> **TASK DATA**:
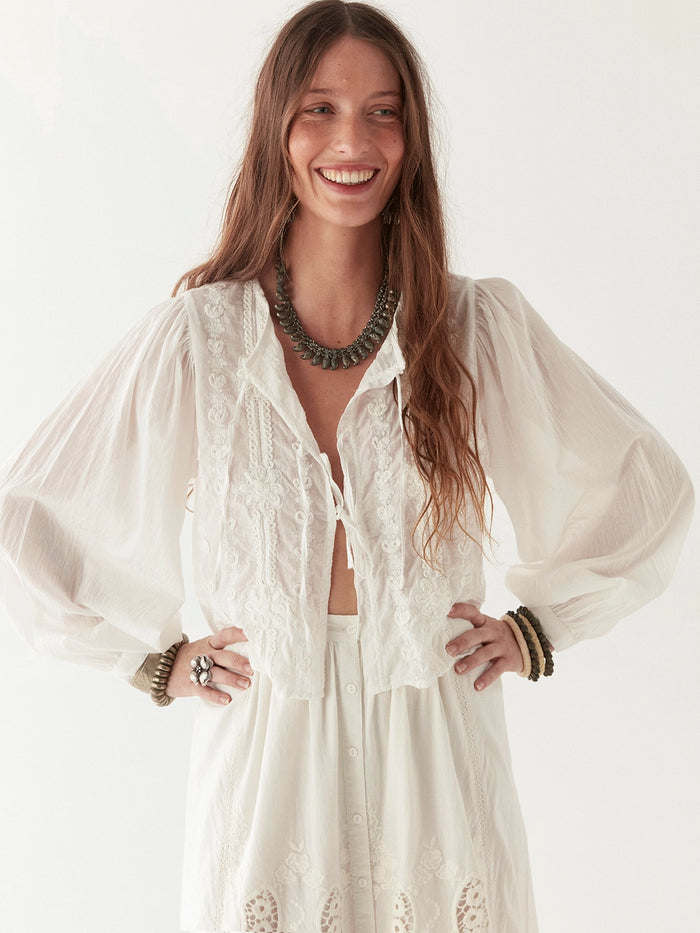 Maison Hotel Ludovica Blouse in Pearl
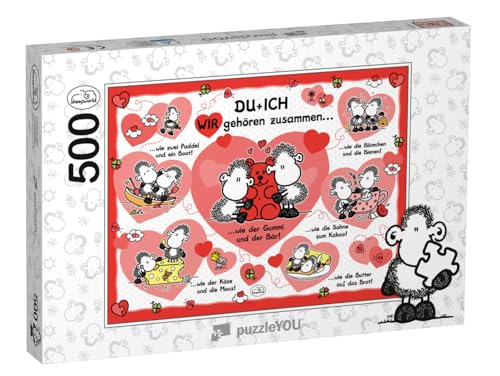 puzzleYOU: Puzzle 500 Teile „Sheepworld – Du und Ich – wir gehören zusammen!“ von puzzleYOU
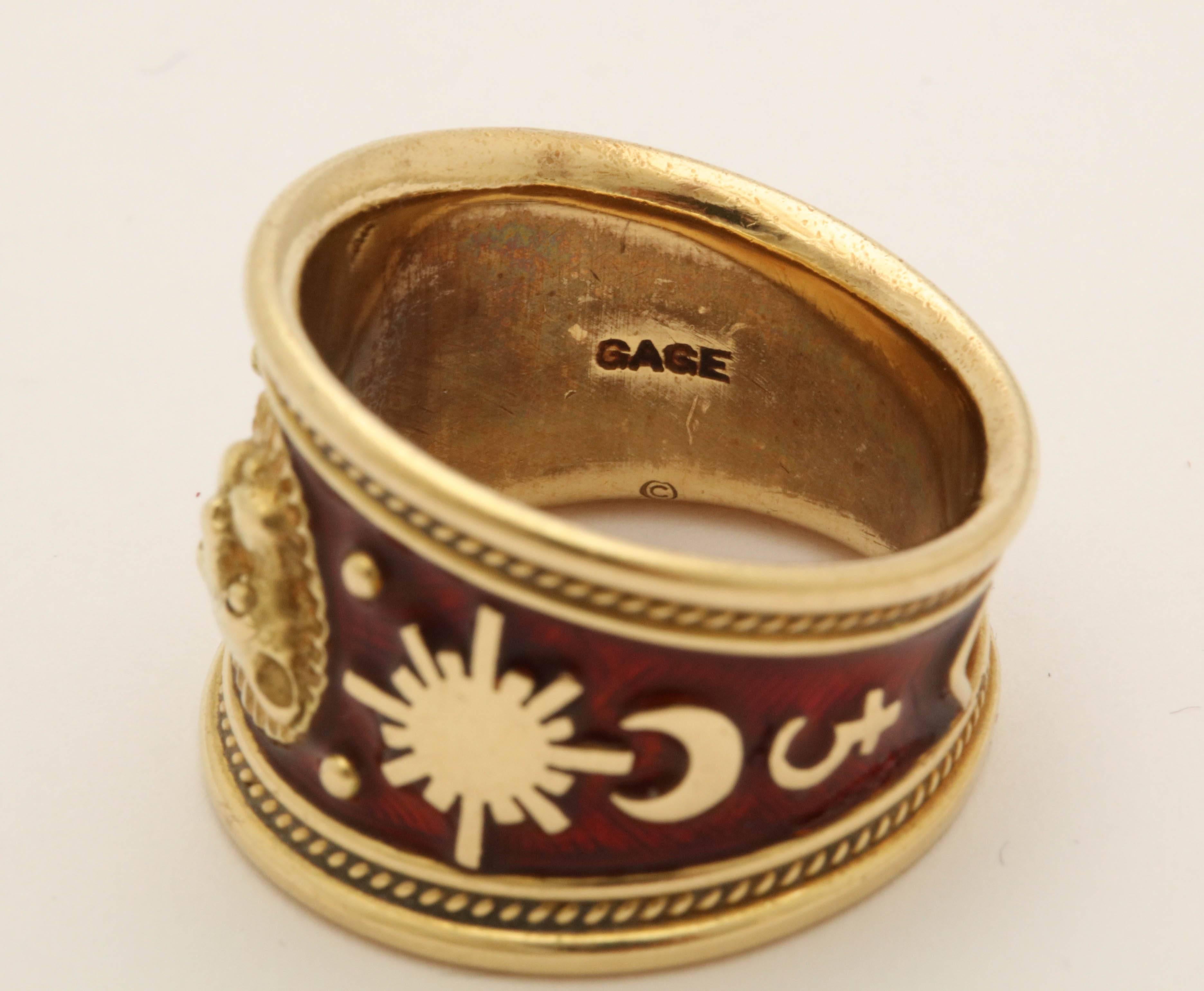 Elizabeth Gage Tapered Red Enamel with Gold Pellets Design Leo Gold Ring 4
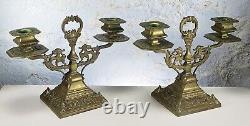 Pair of Vintage Art Deco Brass Double Arm withHandle Candle Stick Holders As Is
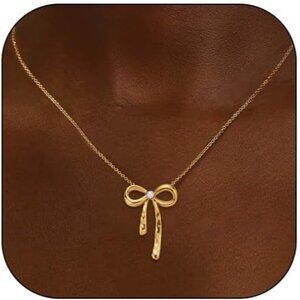 Bow Necklace Gold Paperclip Chain Dainty Bow Jewelry Gifts Stocking Stuffers
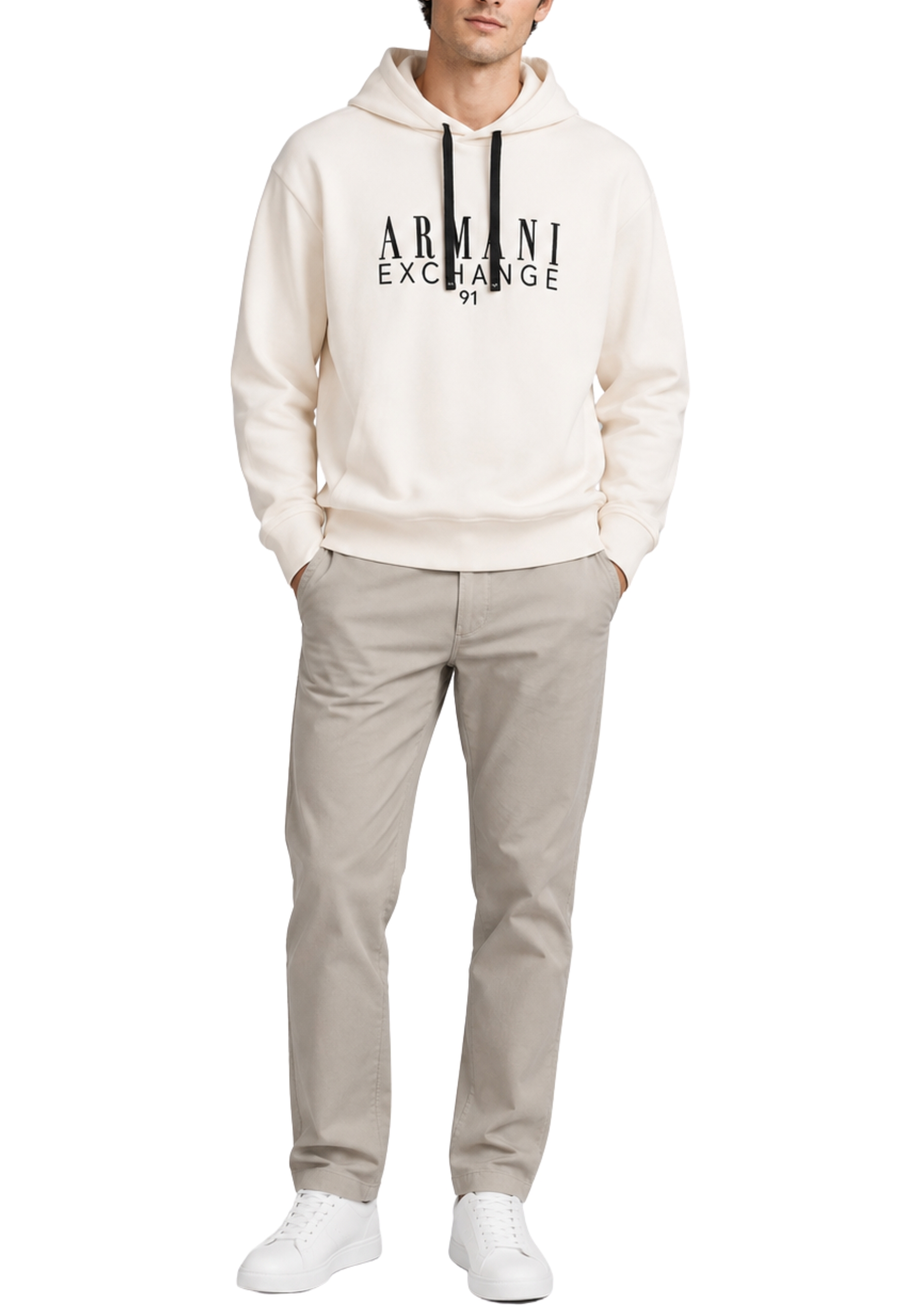 FELPA CON CAPPUCCIO REGULAR FIT UOMO BIANCO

> **WHAT TO PRODUCE**:
If a record holds a picture, leave that picture out; retype everything else exactly.

> **REPLY**:
 Maison Hotel Ludovica Blouse in Pearl
 puzzleYOU: Puzzle 500 Teile „Sheepworld – Du und Ich – wir gehören zusammen!“ von puzzleYOU
 Elizabeth Gage Tapered Red Enamel with Gold Pellets Design Leo Gold Ring 4
 Pair of Vintage Art Deco Brass Double Arm withHandle Candle Stick Holders As Is
 Bow Necklace Gold Paperclip Chain Dainty Bow Jewelry Gifts Stocking Stuffers
 FELPA CON CAPPUCCIO REGULAR FIT UOMO BIANCO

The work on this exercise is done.